The Midwestern chain has opened five stores in other Washington communities, but there is none yet in South Sound.
“I’ve been seeing the ads and wondering, ‘Where are they?,’ ” Hyde said last week as she shopped at Target in Lacey’s South Sound Center.
Before the end of this year, Hyde will have her answer.
South Sound Center’s former Mervyns store is being transformed into South Sound’s first Kohl’s, and bulldozers have spent the past several days gutting the interior.
For the record, a Kohl’s spokeswoman will not divulge the company’s plans for South Sound stores.
“There is a store opening in Burlington on March 8, however, we have not yet announced any plans to open a new store in the Lacey community at this time,” Kohl’s spokeswoman Courtney Rogaczewski wrote in an e-mail to The Olympian last week.
The company’s plans for Lacey are in pages of blueprints on file in Lacey City Hall.
They show a 122,000-square-foot, two-story store that Sierra Construction Co. of Woodinville has until July to make ready for Kohl’s to install displays in and stock.
“They’re going to take three to four months to get the store ready,” said Eric Olson, Sierra’s project manager. “It’s going to be early October before the store is ready to open.”
Remodeling plans call for a Kohl’s that may feel larger to shoppers than Mervyns, which used up more square footage for behind-the-scenes storage space, said Wade Duffy, a Lacey building official.
Construction plans also call for an escalator.
“It’s a 40-year-old building that’s getting a complete facelift,” Duffy said. “It will be a substantial change.”
Retail industry accounts conclude that South Sound will be getting a store with prices set higher than Wal-Mart’s levels and lower than those at Macy’s. Its corporate slogan is “Expect Great Things.”

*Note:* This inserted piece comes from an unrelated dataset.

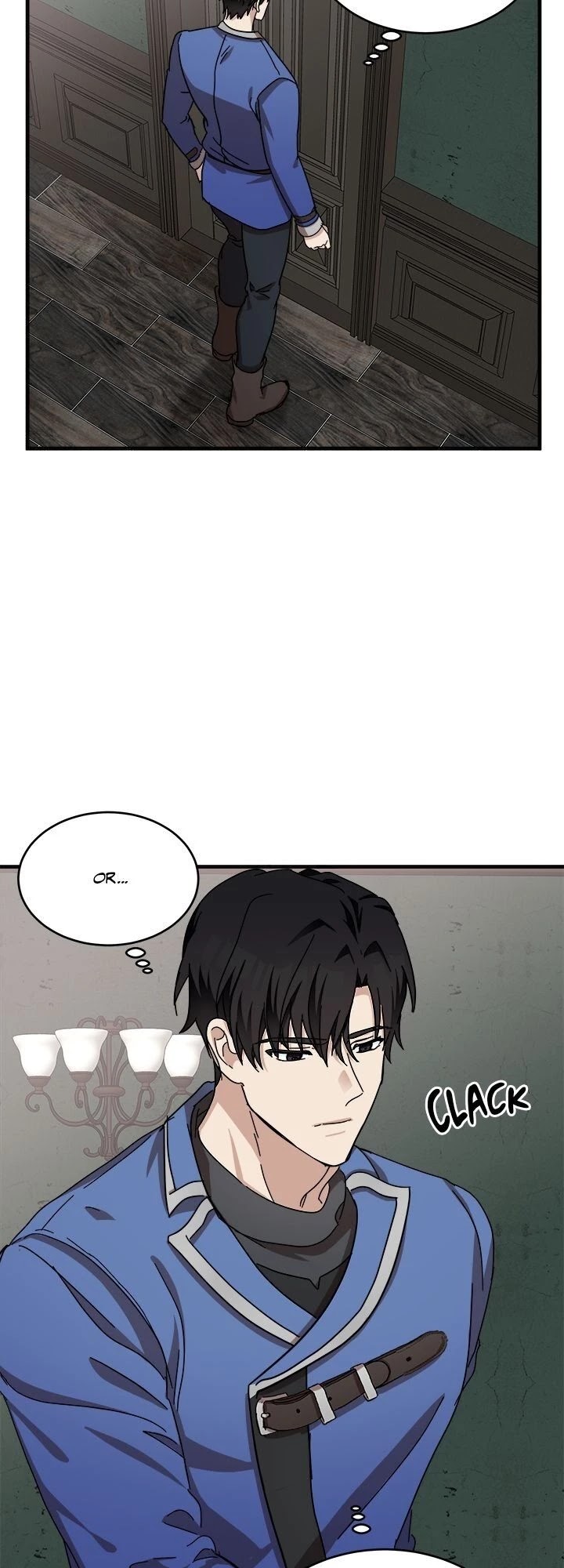 The Villainess Lives Twice chapter 64 page 27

Unlike JCPenney, a direct competitor, Kohl’s sells branded label merchandise, not private-label merchandise. Kohl’s stores also generally are not in malls but in strip centers at high-traffic locations, said Seattle retail strategists Pat Johnson and Dick Outcalt.
“Lacey is a very good fit for them,” Johnson said of Kohl’s. South Sound Center is convenient because it’s close to Interstate 5 and the store can draw customers from the nearby Olympic peninsula, she said.

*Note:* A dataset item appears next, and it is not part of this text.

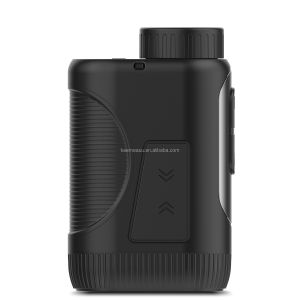 600m OEM Industrial Grade Golf Laser Rangefinder Slope Scope and Laser Distance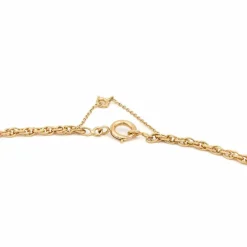 Collier Maille singapour Or rose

“They (Kohl’s) only go to the best intersections; they are a destination,” Outcalt said.
The store also aims to capture time-starved young moms who prefer to park near a store without lingering as long as they might in a larger mall, Outcalt said.
“Kohl’s is really focused on the working mom who drives up and gets what she wants quickly,” Johnson said.
The Menomonee Falls, Wis., company’s annual report reflects a booming enterprise.
Net sales increased an average of 17 percent per year from 2000 to 2005, from $6.2 billion to $13.4 billion for the period. Net income over that span grew nearly 20 percent per year, from $343 million in 2000 to $842 million in 2005.
Kohl’s finished last year with 817 stores and plans to operate 1,232 in the U.S. by 2010, according to its annual report.
Kohl’s lines of merchandise are similar to Mervyns and include women’s and men’s clothing, luggage, bedding, toys, maternity supplies, kitchen items and jewelry.
The company got to Lacey by occupying a vacancy left when California-based Mervyns decided to close its Washington and Oregon stores. That move eliminated 221 full-time and 659 part-time jobs in Washington.
Mervyns’ other South Sound location was as Westfield Capital mall in west Olympia. Management there has not announced a new tenant to take the place of the vacant Mervyns.
“We are talking to a few people, but at this point, there is nothing set in stone,” said Kristine Lleva, assistant general manager of Westfield Capital. She declined to predict when the mall’s owners might announce a successor to Mervyns.
South Sound Center shoppers, meanwhile, have at least a vague notion that Kohl’s will become a new option.
“I know they’re going to be here, but I don’t know much about them,” said Latonya Conner, 30, of Lacey. Conner said she would try shopping at Kohl’s.
Hyde, 40, said she, too, will shop at Kohl’s when she visits her children who live in the Olympia area.
“I’m always looking for a good place to shop where I can find a bargain,” she said.